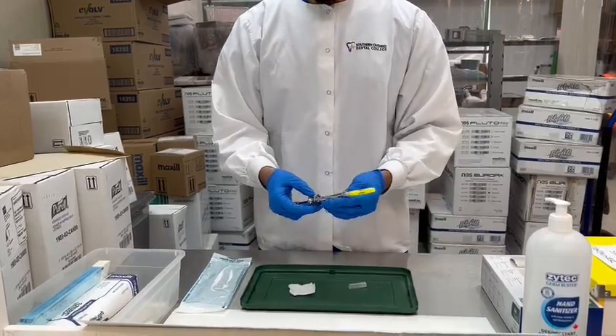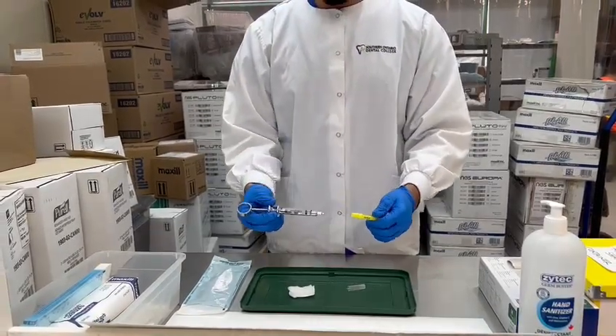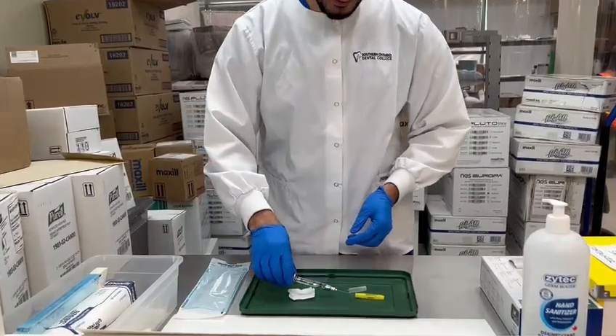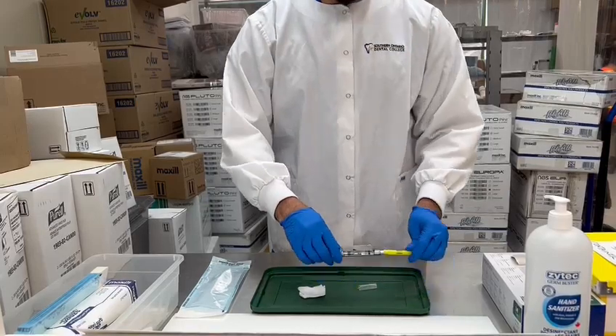We open up the needle and attach it to the syringe. Now we need to make sure that the needle is working, so you open it up and test it on the gauze. You see it dripping so it's working, and then you use the scoop method to put the cap back on the needle.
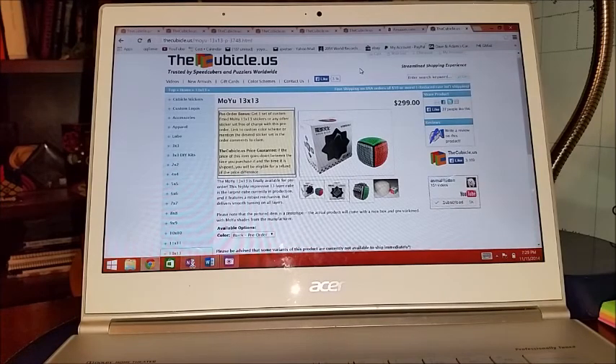If you guys want to share your own wishlist, I would really enjoy looking at those. You can send a video response and I'd be interested in seeing what you guys want to get. As always, thanks for watching.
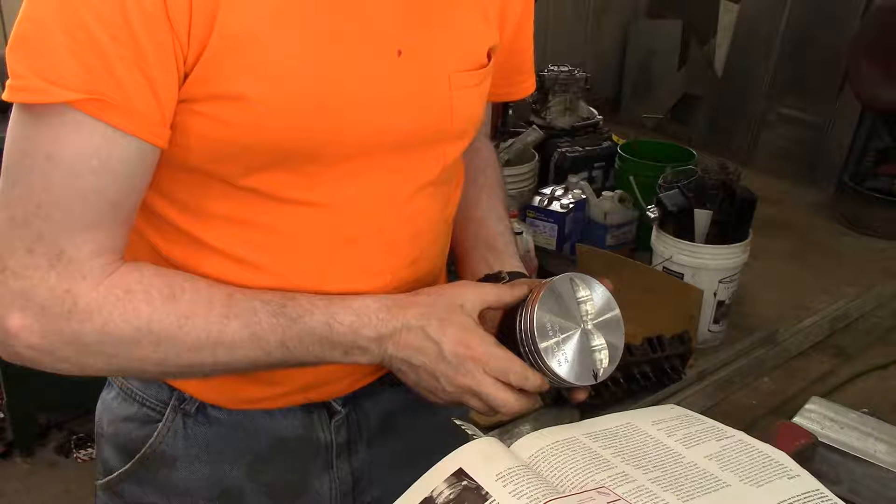After the rings are installed on the piston, but before installing the pistons in the cylinders, check the ring side clearance by using a feeler gauge between the ring and the ring land of the piston. The spec on my engine was one to three thousandths of an inch. Always verify the specification for your own engine — don't take someone else's word for it.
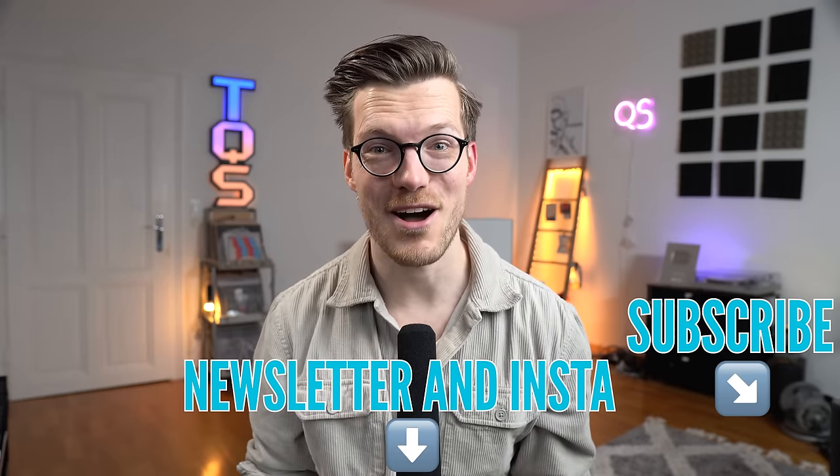Putting the weightlifting results into perspective, the Vivoactive 5 is in the upper middle class of watches. Looking at watches with a correlation of 0.7 or higher, it's quite close to the Fenix 7 Pro, Epix 2 Pro, Venue 3 and 4965. In this case the Venue 3 is actually not doing better than the Vivoactive 5 — they're all very close. So the newer sensor didn't do much for improving performance during weightlifting. Apple watches have the highest correlation, but I would only recommend watches with a correlation of 0.9 or preferably 0.95 or higher for weightlifting — otherwise just use an ECG chest strap.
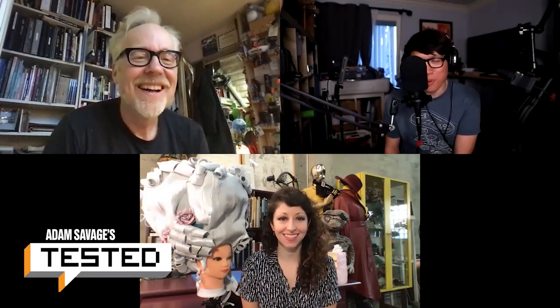Welcome to the Adam Savage Project. I'm Adam. I'm Norm. And I'm Jen. Hi, Jen Schachter. It is good to see you on the podcast again. You too.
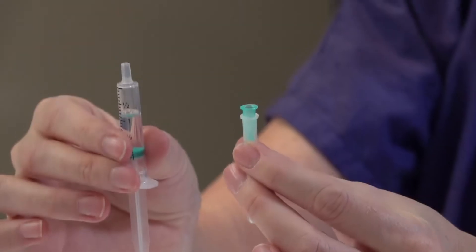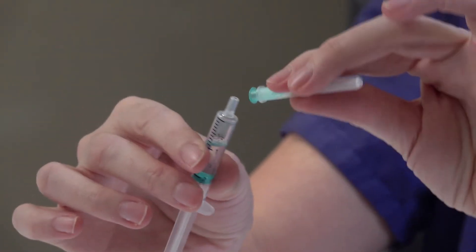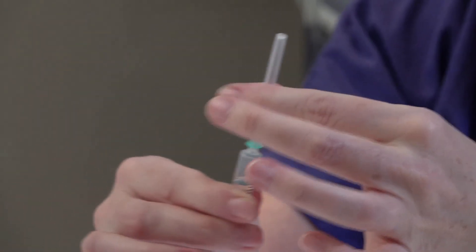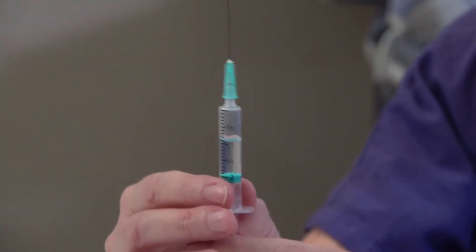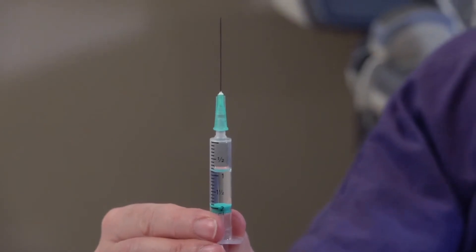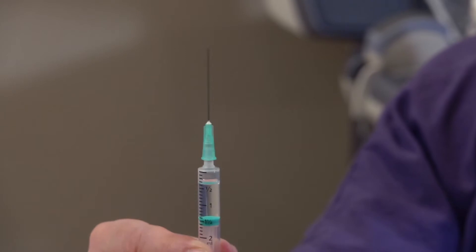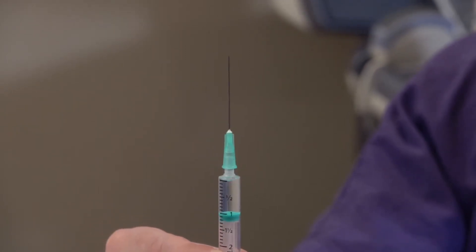Use the green needle to administer Prontogest. Attach this firmly to your syringe and then remove the outer cover. Push up gently on the plunger to expel any excess air. You are now ready to administer your Prontogest medication.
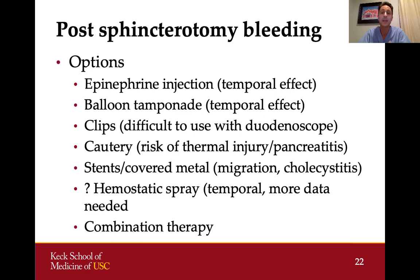Clips are an option — we have excellent clips now that work better with duodenoscopes, though clips remain difficult to use with duodenoscopes. You also want to be cautious to avoid clipping off the bile duct or pancreatic duct, which could cause cholangitis or pancreatitis. With caution and the right clip, clips can be used to treat bleeding. Cautery is also an option but carries risk of thermal injury and pancreatitis. Whenever you are dealing with a post-sphincterotomy bleed, you definitely want to stent the bile duct — it provides tamponade and maintains access.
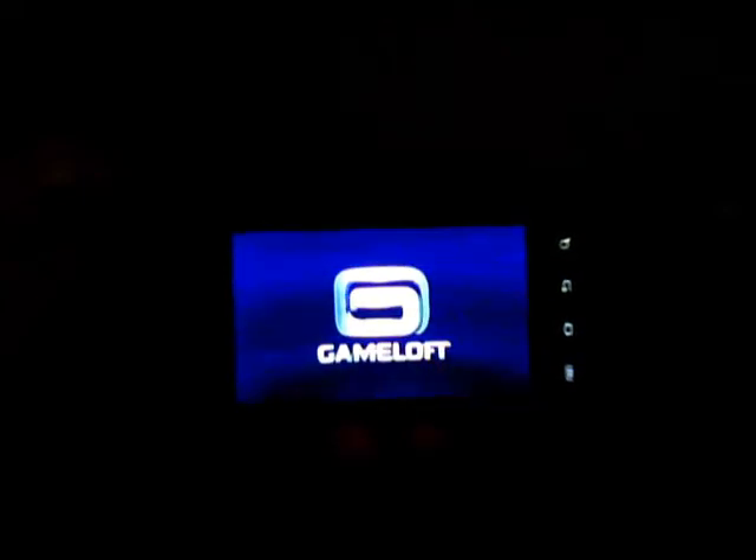The next game I'll show some gameplay for is 9mm HD. As you can see, the video intro has choppy sound and skipping frames — but you can play games. The game plays great, it's very fast, and it's handling it well. I have it overclocked to 1.3 gigahertz with Tegrak Overclock.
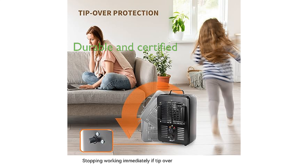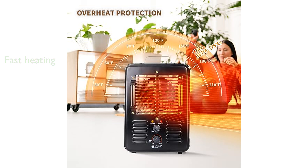The heater is not only premium in its performance, but also durable, made of heavy-duty material, and has passed ETL certification for safe use. The Beyond Heat Milkhouse Heater is powerful and efficient, with premium heating elements that can heat up small spaces to a comfortable temperature in just a few seconds.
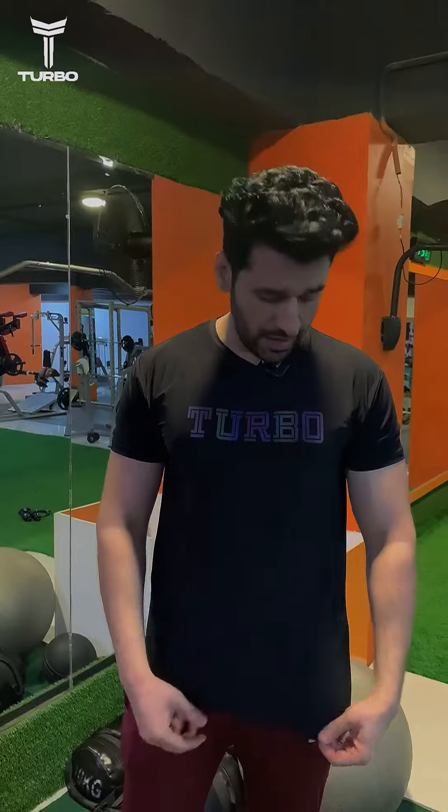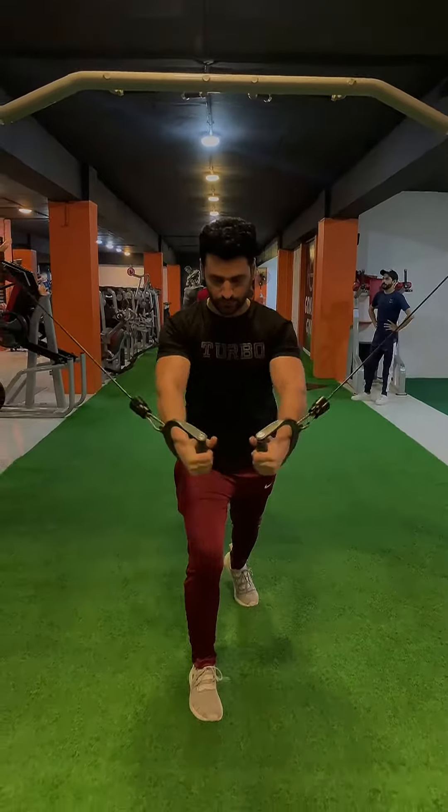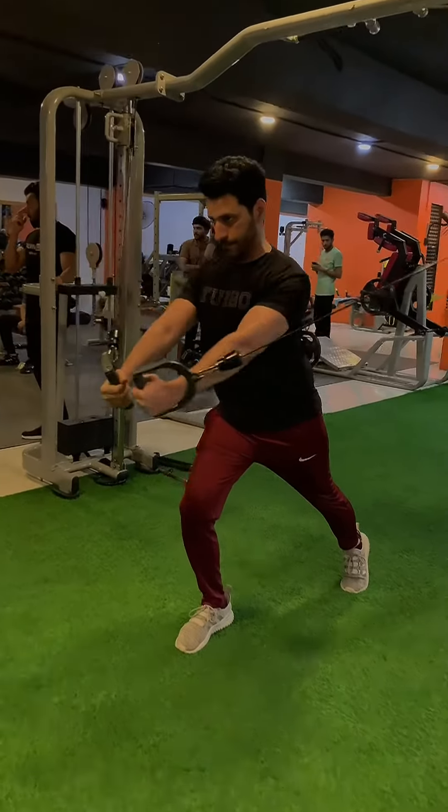Assalamualaikum, this is Jayan Ali from Tesla. This is a PR from Turbo — it's a very good, premium quality fabric. It's dry fit fabric and it's stretchable. I think it's better for gyms. I recommend Turbo.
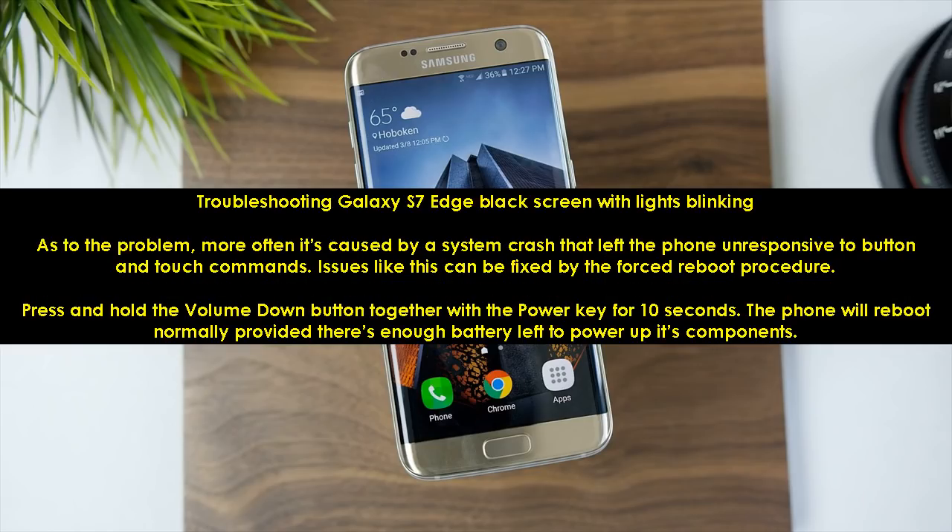Troubleshooting Galaxy S7 Edge black screen with lights blinking. More often it's caused by a system crash that left the phone unresponsive to button and touch commands. Issues like this can be fixed by the forced reboot procedure. Press and hold the volume down button together with the power key for 10 seconds. The phone will reboot normally provided there's enough battery left to power up its components.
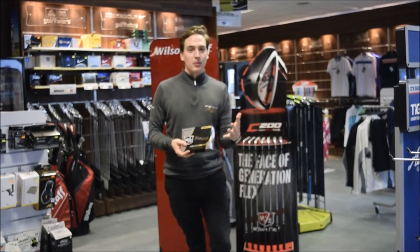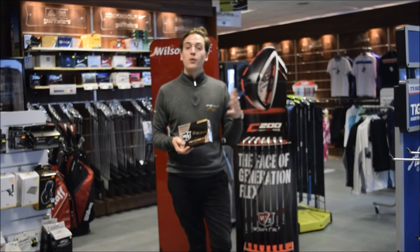The FG Tour Ball is a 4-piece ball, 70 compression, so it's the world's softest tour ball on the market.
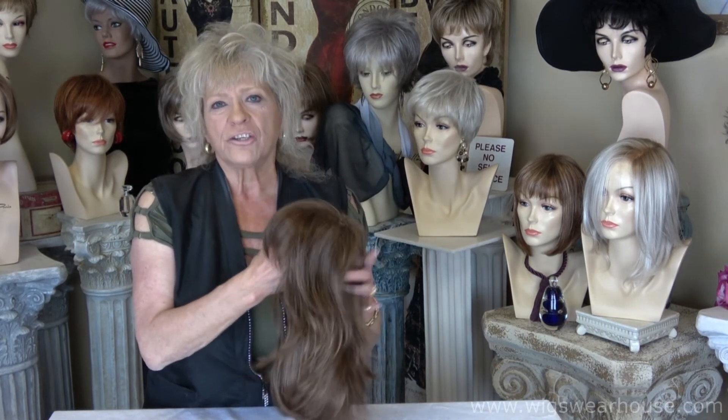So thank you for watching. I hope you learned something, and be sure to catch all the other videos because they'll tell you the differences in construction for wigs and why there's such a variance in pricing. Thank you again.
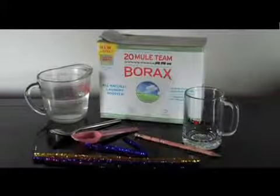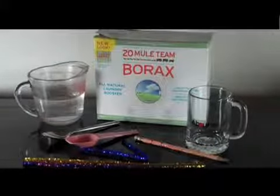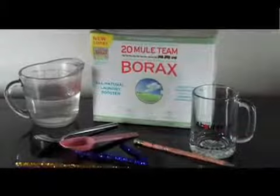For this project you'll need borax, which is sold as a laundry booster and a cleaner, and a pipe cleaner. You'll also need hot water, a cup or glass, scissors, and a measuring spoon.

* Brief: Could you repeat the data exactly, omitting its pictures?

* Your response:
We open up the needle and attach it to the syringe. Now we need to make sure that the needle is working, so you open it up and test it on the gauze. You see it dripping so it's working, and then you use the scoop method to put the cap back on the needle.
If you guys want to share your own wishlist, I would really enjoy looking at those. You can send a video response and I'd be interested in seeing what you guys want to get. As always, thanks for watching.
After the rings are installed on the piston, but before installing the pistons in the cylinders, check the ring side clearance by using a feeler gauge between the ring and the ring land of the piston. The spec on my engine was one to three thousandths of an inch. Always verify the specification for your own engine — don't take someone else's word for it.
Putting the weightlifting results into perspective, the Vivoactive 5 is in the upper middle class of watches. Looking at watches with a correlation of 0.7 or higher, it's quite close to the Fenix 7 Pro, Epix 2 Pro, Venue 3 and 4965. In this case the Venue 3 is actually not doing better than the Vivoactive 5 — they're all very close. So the newer sensor didn't do much for improving performance during weightlifting. Apple watches have the highest correlation, but I would only recommend watches with a correlation of 0.9 or preferably 0.95 or higher for weightlifting — otherwise just use an ECG chest strap.
Welcome to the Adam Savage Project. I'm Adam. I'm Norm. And I'm Jen. Hi, Jen Schachter. It is good to see you on the podcast again. You too.
Use the green needle to administer Prontogest. Attach this firmly to your syringe and then remove the outer cover. Push up gently on the plunger to expel any excess air. You are now ready to administer your Prontogest medication.
Clips are an option — we have excellent clips now that work better with duodenoscopes, though clips remain difficult to use with duodenoscopes. You also want to be cautious to avoid clipping off the bile duct or pancreatic duct, which could cause cholangitis or pancreatitis. With caution and the right clip, clips can be used to treat bleeding. Cautery is also an option but carries risk of thermal injury and pancreatitis. Whenever you are dealing with a post-sphincterotomy bleed, you definitely want to stent the bile duct — it provides tamponade and maintains access.
The next game I'll show some gameplay for is 9mm HD. As you can see, the video intro has choppy sound and skipping frames — but you can play games. The game plays great, it's very fast, and it's handling it well. I have it overclocked to 1.3 gigahertz with Tegrak Overclock.
The heater is not only premium in its performance, but also durable, made of heavy-duty material, and has passed ETL certification for safe use. The Beyond Heat Milkhouse Heater is powerful and efficient, with premium heating elements that can heat up small spaces to a comfortable temperature in just a few seconds.
Assalamualaikum, this is Jayan Ali from Tesla. This is a PR from Turbo — it's a very good, premium quality fabric. It's dry fit fabric and it's stretchable. I think it's better for gyms. I recommend Turbo.
Troubleshooting Galaxy S7 Edge black screen with lights blinking. More often it's caused by a system crash that left the phone unresponsive to button and touch commands. Issues like this can be fixed by the forced reboot procedure. Press and hold the volume down button together with the power key for 10 seconds. The phone will reboot normally provided there's enough battery left to power up its components.
The FG Tour Ball is a 4-piece ball, 70 compression, so it's the world's softest tour ball on the market.
So thank you for watching. I hope you learned something, and be sure to catch all the other videos because they'll tell you the differences in construction for wigs and why there's such a variance in pricing. Thank you again.
For this project you'll need borax, which is sold as a laundry booster and a cleaner, and a pipe cleaner. You'll also need hot water, a cup or glass, scissors, and a measuring spoon.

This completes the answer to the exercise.